**EXERCISE BRIEF**
The records below must be duplicated exactly, character for character.

**DATA TO PROCESS**
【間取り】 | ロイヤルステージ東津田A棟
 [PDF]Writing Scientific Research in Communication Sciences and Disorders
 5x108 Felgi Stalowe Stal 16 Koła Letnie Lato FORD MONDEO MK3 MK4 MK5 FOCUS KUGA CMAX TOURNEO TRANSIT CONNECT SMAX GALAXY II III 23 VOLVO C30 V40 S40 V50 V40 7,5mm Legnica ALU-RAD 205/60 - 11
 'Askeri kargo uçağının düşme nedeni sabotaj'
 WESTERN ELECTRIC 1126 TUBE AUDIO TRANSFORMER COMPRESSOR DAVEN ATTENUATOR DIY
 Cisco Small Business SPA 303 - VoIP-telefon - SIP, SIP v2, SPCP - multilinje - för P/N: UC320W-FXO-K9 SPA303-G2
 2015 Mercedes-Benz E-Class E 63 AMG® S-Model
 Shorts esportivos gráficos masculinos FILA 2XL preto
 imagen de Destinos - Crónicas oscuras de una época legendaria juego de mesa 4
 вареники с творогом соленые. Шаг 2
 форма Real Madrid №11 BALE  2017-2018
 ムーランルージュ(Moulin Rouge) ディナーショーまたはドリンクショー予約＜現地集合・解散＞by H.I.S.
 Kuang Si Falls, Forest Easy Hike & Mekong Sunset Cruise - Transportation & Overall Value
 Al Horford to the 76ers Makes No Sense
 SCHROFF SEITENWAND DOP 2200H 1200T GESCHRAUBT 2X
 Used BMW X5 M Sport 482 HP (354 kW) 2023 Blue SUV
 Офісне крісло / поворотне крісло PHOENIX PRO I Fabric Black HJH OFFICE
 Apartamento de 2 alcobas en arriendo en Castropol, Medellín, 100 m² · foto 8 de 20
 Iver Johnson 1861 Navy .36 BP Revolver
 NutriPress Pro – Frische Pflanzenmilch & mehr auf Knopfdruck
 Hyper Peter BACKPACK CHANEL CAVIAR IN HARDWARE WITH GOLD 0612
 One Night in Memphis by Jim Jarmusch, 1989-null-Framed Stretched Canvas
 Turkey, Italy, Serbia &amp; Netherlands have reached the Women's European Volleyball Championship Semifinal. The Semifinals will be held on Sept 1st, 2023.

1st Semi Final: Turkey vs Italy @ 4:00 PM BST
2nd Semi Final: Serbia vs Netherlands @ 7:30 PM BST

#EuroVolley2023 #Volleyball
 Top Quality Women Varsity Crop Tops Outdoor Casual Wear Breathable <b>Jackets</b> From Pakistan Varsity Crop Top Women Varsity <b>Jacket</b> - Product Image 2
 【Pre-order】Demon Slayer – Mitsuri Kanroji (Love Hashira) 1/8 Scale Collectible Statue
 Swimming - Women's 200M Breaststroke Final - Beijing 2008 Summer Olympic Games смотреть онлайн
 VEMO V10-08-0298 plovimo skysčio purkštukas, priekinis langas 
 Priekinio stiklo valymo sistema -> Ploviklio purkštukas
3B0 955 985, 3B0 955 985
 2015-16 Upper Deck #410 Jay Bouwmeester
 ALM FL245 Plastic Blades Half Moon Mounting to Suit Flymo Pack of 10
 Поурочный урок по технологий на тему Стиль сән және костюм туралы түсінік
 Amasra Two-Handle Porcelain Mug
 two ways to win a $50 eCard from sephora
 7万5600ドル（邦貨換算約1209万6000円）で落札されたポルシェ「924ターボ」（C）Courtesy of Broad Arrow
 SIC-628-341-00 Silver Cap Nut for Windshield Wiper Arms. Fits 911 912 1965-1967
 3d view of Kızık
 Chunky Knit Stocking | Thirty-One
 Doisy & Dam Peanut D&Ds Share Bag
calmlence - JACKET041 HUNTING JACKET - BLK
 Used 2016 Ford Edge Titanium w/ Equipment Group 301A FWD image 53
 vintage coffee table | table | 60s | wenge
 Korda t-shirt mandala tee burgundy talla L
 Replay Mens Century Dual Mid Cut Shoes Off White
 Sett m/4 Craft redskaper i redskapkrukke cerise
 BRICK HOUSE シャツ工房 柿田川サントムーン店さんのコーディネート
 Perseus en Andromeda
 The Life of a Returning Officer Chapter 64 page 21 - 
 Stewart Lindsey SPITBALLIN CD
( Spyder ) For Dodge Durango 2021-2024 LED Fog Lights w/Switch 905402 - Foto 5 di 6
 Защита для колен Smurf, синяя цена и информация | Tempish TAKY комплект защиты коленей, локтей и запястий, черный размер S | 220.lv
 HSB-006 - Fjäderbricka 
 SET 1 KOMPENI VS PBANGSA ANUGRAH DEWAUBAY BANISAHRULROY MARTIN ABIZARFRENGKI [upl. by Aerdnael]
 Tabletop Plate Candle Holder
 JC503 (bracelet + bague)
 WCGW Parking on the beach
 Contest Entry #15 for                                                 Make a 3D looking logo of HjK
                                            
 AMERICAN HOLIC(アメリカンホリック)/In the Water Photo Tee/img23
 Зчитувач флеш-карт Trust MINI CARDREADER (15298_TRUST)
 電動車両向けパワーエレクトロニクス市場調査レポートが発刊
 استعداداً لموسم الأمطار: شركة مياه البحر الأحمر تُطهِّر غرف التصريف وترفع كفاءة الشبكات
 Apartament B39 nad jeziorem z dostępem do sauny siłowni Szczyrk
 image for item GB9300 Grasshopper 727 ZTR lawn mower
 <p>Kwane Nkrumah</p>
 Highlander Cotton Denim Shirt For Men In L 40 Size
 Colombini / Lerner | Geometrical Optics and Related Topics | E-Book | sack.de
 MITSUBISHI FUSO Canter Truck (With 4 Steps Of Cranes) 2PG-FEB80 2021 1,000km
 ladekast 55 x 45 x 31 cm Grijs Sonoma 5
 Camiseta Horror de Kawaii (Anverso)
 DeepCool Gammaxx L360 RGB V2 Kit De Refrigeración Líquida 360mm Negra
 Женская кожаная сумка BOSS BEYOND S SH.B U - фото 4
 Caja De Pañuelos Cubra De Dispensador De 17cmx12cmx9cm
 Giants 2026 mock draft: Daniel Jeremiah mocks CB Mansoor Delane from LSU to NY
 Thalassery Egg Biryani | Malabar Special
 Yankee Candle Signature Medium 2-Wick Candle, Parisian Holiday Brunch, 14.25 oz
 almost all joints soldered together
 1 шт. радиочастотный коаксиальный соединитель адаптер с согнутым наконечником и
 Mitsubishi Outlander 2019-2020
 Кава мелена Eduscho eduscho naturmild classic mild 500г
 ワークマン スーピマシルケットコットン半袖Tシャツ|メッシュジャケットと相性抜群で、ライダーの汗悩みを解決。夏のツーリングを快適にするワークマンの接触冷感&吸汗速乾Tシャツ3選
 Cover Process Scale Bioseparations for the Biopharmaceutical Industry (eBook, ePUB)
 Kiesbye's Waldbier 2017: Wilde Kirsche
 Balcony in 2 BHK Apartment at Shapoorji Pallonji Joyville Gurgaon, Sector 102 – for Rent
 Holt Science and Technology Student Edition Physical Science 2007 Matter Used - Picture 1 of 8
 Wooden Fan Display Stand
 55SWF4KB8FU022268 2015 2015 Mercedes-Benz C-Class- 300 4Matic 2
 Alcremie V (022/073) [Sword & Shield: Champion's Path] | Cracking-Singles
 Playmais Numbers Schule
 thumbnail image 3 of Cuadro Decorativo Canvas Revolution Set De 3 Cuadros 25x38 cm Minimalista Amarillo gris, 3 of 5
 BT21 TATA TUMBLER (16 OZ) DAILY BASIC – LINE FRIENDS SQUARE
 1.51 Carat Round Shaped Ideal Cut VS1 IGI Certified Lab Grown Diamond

**YOUR SOLUTION**
【間取り】 | ロイヤルステージ東津田A棟
 [PDF]Writing Scientific Research in Communication Sciences and Disorders
 5x108 Felgi Stalowe Stal 16 Koła Letnie Lato FORD MONDEO MK3 MK4 MK5 FOCUS KUGA CMAX TOURNEO TRANSIT CONNECT SMAX GALAXY II III 23 VOLVO C30 V40 S40 V50 V40 7,5mm Legnica ALU-RAD 205/60 - 11
 'Askeri kargo uçağının düşme nedeni sabotaj'
 WESTERN ELECTRIC 1126 TUBE AUDIO TRANSFORMER COMPRESSOR DAVEN ATTENUATOR DIY
 Cisco Small Business SPA 303 - VoIP-telefon - SIP, SIP v2, SPCP - multilinje - för P/N: UC320W-FXO-K9 SPA303-G2
 2015 Mercedes-Benz E-Class E 63 AMG® S-Model
 Shorts esportivos gráficos masculinos FILA 2XL preto
 imagen de Destinos - Crónicas oscuras de una época legendaria juego de mesa 4
 вареники с творогом соленые. Шаг 2
 форма Real Madrid №11 BALE  2017-2018
 ムーランルージュ(Moulin Rouge) ディナーショーまたはドリンクショー予約＜現地集合・解散＞by H.I.S.
 Kuang Si Falls, Forest Easy Hike & Mekong Sunset Cruise - Transportation & Overall Value
 Al Horford to the 76ers Makes No Sense
 SCHROFF SEITENWAND DOP 2200H 1200T GESCHRAUBT 2X
 Used BMW X5 M Sport 482 HP (354 kW) 2023 Blue SUV
 Офісне крісло / поворотне крісло PHOENIX PRO I Fabric Black HJH OFFICE
 Apartamento de 2 alcobas en arriendo en Castropol, Medellín, 100 m² · foto 8 de 20
 Iver Johnson 1861 Navy .36 BP Revolver
 NutriPress Pro – Frische Pflanzenmilch & mehr auf Knopfdruck
 Hyper Peter BACKPACK CHANEL CAVIAR IN HARDWARE WITH GOLD 0612
 One Night in Memphis by Jim Jarmusch, 1989-null-Framed Stretched Canvas
 Turkey, Italy, Serbia &amp; Netherlands have reached the Women's European Volleyball Championship Semifinal. The Semifinals will be held on Sept 1st, 2023.

1st Semi Final: Turkey vs Italy @ 4:00 PM BST
2nd Semi Final: Serbia vs Netherlands @ 7:30 PM BST

#EuroVolley2023 #Volleyball
 Top Quality Women Varsity Crop Tops Outdoor Casual Wear Breathable <b>Jackets</b> From Pakistan Varsity Crop Top Women Varsity <b>Jacket</b> - Product Image 2
 【Pre-order】Demon Slayer – Mitsuri Kanroji (Love Hashira) 1/8 Scale Collectible Statue
 Swimming - Women's 200M Breaststroke Final - Beijing 2008 Summer Olympic Games смотреть онлайн
 VEMO V10-08-0298 plovimo skysčio purkštukas, priekinis langas 
 Priekinio stiklo valymo sistema -> Ploviklio purkštukas
3B0 955 985, 3B0 955 985
 2015-16 Upper Deck #410 Jay Bouwmeester
 ALM FL245 Plastic Blades Half Moon Mounting to Suit Flymo Pack of 10
 Поурочный урок по технологий на тему Стиль сән және костюм туралы түсінік
 Amasra Two-Handle Porcelain Mug
 two ways to win a $50 eCard from sephora
 7万5600ドル（邦貨換算約1209万6000円）で落札されたポルシェ「924ターボ」（C）Courtesy of Broad Arrow
 SIC-628-341-00 Silver Cap Nut for Windshield Wiper Arms. Fits 911 912 1965-1967
 3d view of Kızık
 Chunky Knit Stocking | Thirty-One
 Doisy & Dam Peanut D&Ds Share Bag
calmlence - JACKET041 HUNTING JACKET - BLK
 Used 2016 Ford Edge Titanium w/ Equipment Group 301A FWD image 53
 vintage coffee table | table | 60s | wenge
 Korda t-shirt mandala tee burgundy talla L
 Replay Mens Century Dual Mid Cut Shoes Off White
 Sett m/4 Craft redskaper i redskapkrukke cerise
 BRICK HOUSE シャツ工房 柿田川サントムーン店さんのコーディネート
 Perseus en Andromeda
 The Life of a Returning Officer Chapter 64 page 21 - 
 Stewart Lindsey SPITBALLIN CD
( Spyder ) For Dodge Durango 2021-2024 LED Fog Lights w/Switch 905402 - Foto 5 di 6
 Защита для колен Smurf, синяя цена и информация | Tempish TAKY комплект защиты коленей, локтей и запястий, черный размер S | 220.lv
 HSB-006 - Fjäderbricka 
 SET 1 KOMPENI VS PBANGSA ANUGRAH DEWAUBAY BANISAHRULROY MARTIN ABIZARFRENGKI [upl. by Aerdnael]
 Tabletop Plate Candle Holder
 JC503 (bracelet + bague)
 WCGW Parking on the beach
 Contest Entry #15 for                                                 Make a 3D looking logo of HjK
                                            
 AMERICAN HOLIC(アメリカンホリック)/In the Water Photo Tee/img23
 Зчитувач флеш-карт Trust MINI CARDREADER (15298_TRUST)
 電動車両向けパワーエレクトロニクス市場調査レポートが発刊
 استعداداً لموسم الأمطار: شركة مياه البحر الأحمر تُطهِّر غرف التصريف وترفع كفاءة الشبكات
 Apartament B39 nad jeziorem z dostępem do sauny siłowni Szczyrk
 image for item GB9300 Grasshopper 727 ZTR lawn mower
 <p>Kwane Nkrumah</p>
 Highlander Cotton Denim Shirt For Men In L 40 Size
 Colombini / Lerner | Geometrical Optics and Related Topics | E-Book | sack.de
 MITSUBISHI FUSO Canter Truck (With 4 Steps Of Cranes) 2PG-FEB80 2021 1,000km
 ladekast 55 x 45 x 31 cm Grijs Sonoma 5
 Camiseta Horror de Kawaii (Anverso)
 DeepCool Gammaxx L360 RGB V2 Kit De Refrigeración Líquida 360mm Negra
 Женская кожаная сумка BOSS BEYOND S SH.B U - фото 4
 Caja De Pañuelos Cubra De Dispensador De 17cmx12cmx9cm
 Giants 2026 mock draft: Daniel Jeremiah mocks CB Mansoor Delane from LSU to NY
 Thalassery Egg Biryani | Malabar Special
 Yankee Candle Signature Medium 2-Wick Candle, Parisian Holiday Brunch, 14.25 oz
 almost all joints soldered together
 1 шт. радиочастотный коаксиальный соединитель адаптер с согнутым наконечником и
 Mitsubishi Outlander 2019-2020
 Кава мелена Eduscho eduscho naturmild classic mild 500г
 ワークマン スーピマシルケットコットン半袖Tシャツ|メッシュジャケットと相性抜群で、ライダーの汗悩みを解決。夏のツーリングを快適にするワークマンの接触冷感&吸汗速乾Tシャツ3選
 Cover Process Scale Bioseparations for the Biopharmaceutical Industry (eBook, ePUB)
 Kiesbye's Waldbier 2017: Wilde Kirsche
 Balcony in 2 BHK Apartment at Shapoorji Pallonji Joyville Gurgaon, Sector 102 – for Rent
 Holt Science and Technology Student Edition Physical Science 2007 Matter Used - Picture 1 of 8
 Wooden Fan Display Stand
 55SWF4KB8FU022268 2015 2015 Mercedes-Benz C-Class- 300 4Matic 2
 Alcremie V (022/073) [Sword & Shield: Champion's Path] | Cracking-Singles
 Playmais Numbers Schule
 thumbnail image 3 of Cuadro Decorativo Canvas Revolution Set De 3 Cuadros 25x38 cm Minimalista Amarillo gris, 3 of 5
 BT21 TATA TUMBLER (16 OZ) DAILY BASIC – LINE FRIENDS SQUARE
 1.51 Carat Round Shaped Ideal Cut VS1 IGI Certified Lab Grown Diamond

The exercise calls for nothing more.